Use this property to specify log levels from individual packages. Packages that are not configured individually inherit the logging level of the logging.level.root property.

Property logging.file

Default

none

Required

no

Conflicts with

none

Valid values

string (file path)

Use this property to specify where you want to store your logging file. Specifying a file leads to both, logging to standard output and the file.

File output creates an auto-rotating file with 10 MB file size each.

Configuration example

logging:
  level:
    root: WARN
    com.eccenca.elds.backend: DEBUG
    org.springframework: INFO
  file: /var/logs/dataplatform.log
CODE

Application logging with Logback

Logging for DataPlatform can also be configured with Logback, which, for example, allows a more granular control on file rolling strategies.
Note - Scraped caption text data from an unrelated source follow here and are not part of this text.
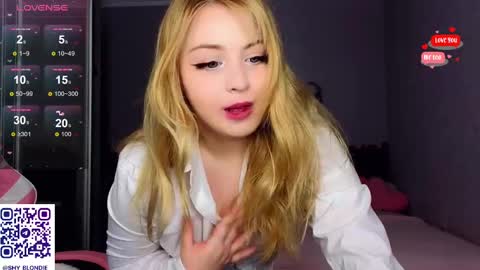 Snapshot of shy_blondiee chatting on January 22, 12:06 am Molly online show from January 22, 12:06 am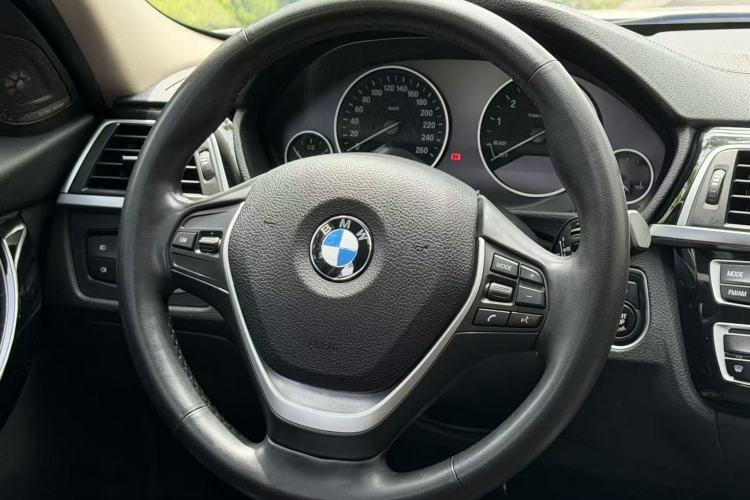 Used BMW 3 Series 2019 320Li Fashion Model Interior 2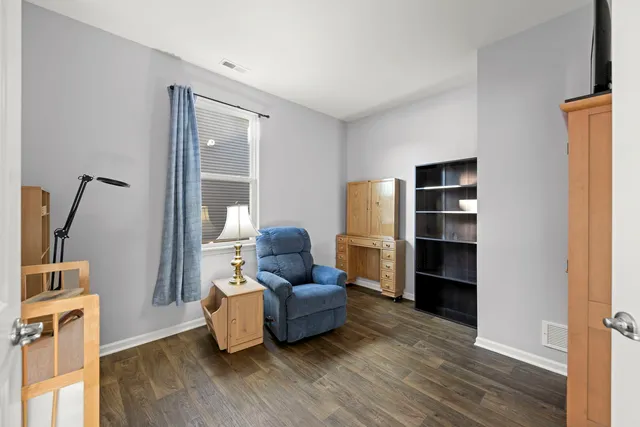 $355,000 | 906 Homerton Boulevard, North Aurora, IL 60542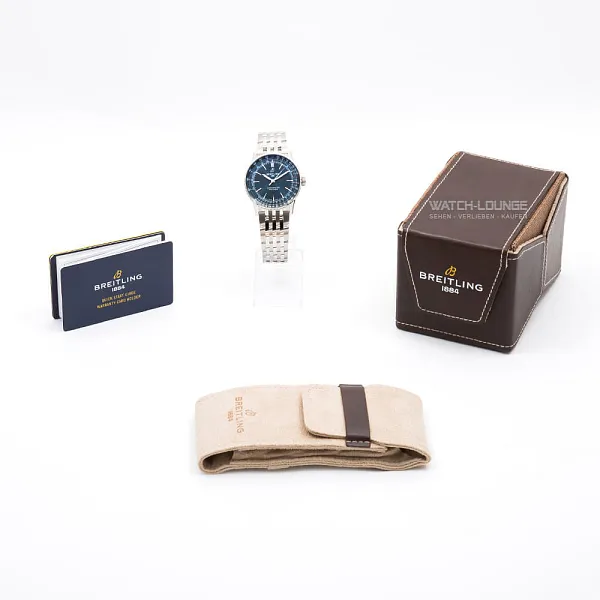 18601_watchlounge_lo.jpg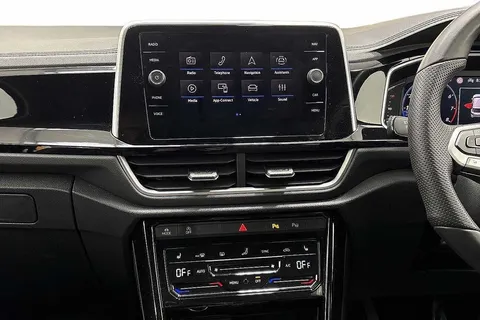 DG25YVD Volkswagen T-Roc 1.5 TSI R-Line 5dr Thumbnail #12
For further information on configuration options, refer to the Logback’s Configuration manual section and the Spring Boot’s Configure Logback for Logging manual section.

Property logging.configuration

Default

none

Required

no

Conflicts with

none

Valid values

string (file path)

Use this property to specify where the Logback configuration is located.

Configuration example

logging:
  configuration: ${ELDS_HOME}/etc/dataplatform/logback.xml
CODE

The following example logback.xml file defines a rolling file strategy where files are rotated on a time base (1 day) with a limit of 7 files, which means that the logging files contain a log history of a maximum of 1 week.

<?xml version="1.0" encoding="UTF-8"?>
<configuration>
  <appender name="TIME_BASED_FILE" class="ch.qos.logback.core.rolling.RollingFileAppender">
    <file>/opt/elds/var/log/dataplatform.log</file>
    <rollingPolicy class="ch.qos.logback.core.rolling.TimeBasedRollingPolicy">
      <!-- daily rollover, history for 1 week -->
      <fileNamePattern>/opt/elds/var/log/dataplatform.%d{yyyy-MM-dd}.log</fileNamePattern>
      <maxHistory>7</maxHistory>
    </rollingPolicy>
    <encoder>
      <pattern>%d{yyyy-MM-dd HH:mm:ss} [%thread] %-5level %logger{36} - %msg%n</pattern>
    </encoder>
  </appender>
  <logger name="com.eccenca" level="INFO">
    <appender-ref ref="TIME_BASED_FILE" />
  </logger>
</configuration>
CODE

Audit trail logging

DataPlatform is able to log the access of each user to named graphs in form of an audit trail log under the logger name audit.

Audit trail logging configuration

  • auditTrail
    • enabled
    • auditedGraphs

Property auditTrail.enabled

Default

false

Required

no

Conflicts with

none

Valid values

Boolean

Use this property to enable logging of read and write access to every graph access. If auditTrail.auditedGraphs is specified, only those graphs are logged.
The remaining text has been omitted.